The word where is an adverb in this context, and it functions as an adverbial; from is a preposition, and it functions as part of the subjective complement in this sentence.  Id est, when responding to this clause, people may say, for example, “I am from Milan.”  Now, in that response, I is a pronoun functioning as the subject, and the rest of the sentence, am from Milan, is the predicate, which is comprised of the copula, or the linking verb, am, and the subjective complement, from Milan, which is a spatial adverbial.  

What I have learned about English grammar prescribes that an interrogative/relative adverb, such as where or when, cannot follow a preposition, because an adverb alone functions as an adverbial, and the structure “preposition + noun/pronoun” ought to correspond to an adverb.  Id est, the phrase from Milan (preposition + noun) can and should correspond to that adverb where, and structures such as from where are illegitimate.  
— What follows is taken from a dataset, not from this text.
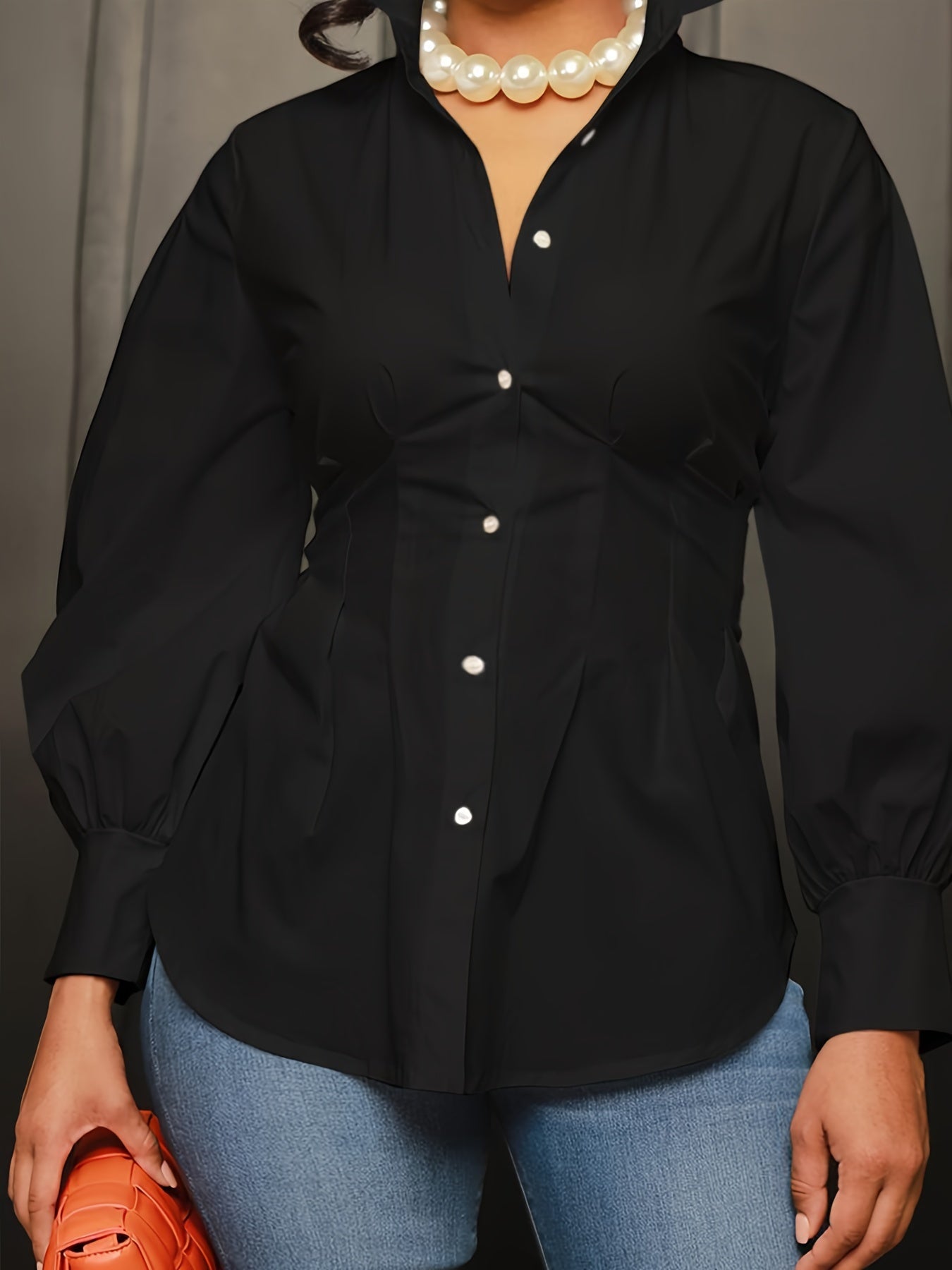  Solid Long Sleeve Button Up Collared Blouse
I think it is fairly common that adverbs do not follow prepositions.  People always say clauses such as where are you at is grammatically incorrect, because at is a preposition and where is an adverb, so it should simply be where are you.  Therefore, what troubles me is that why the phrase where are you at is incorrect and criticized, while I have not seen people avoiding where are you from.  

In my humble opinion, the canonical form of this clause should be from which country/region are you, or at least which country/region are you from, but it seems awfully pedantic and there is a highly probable chance that the utterer will get thrashed…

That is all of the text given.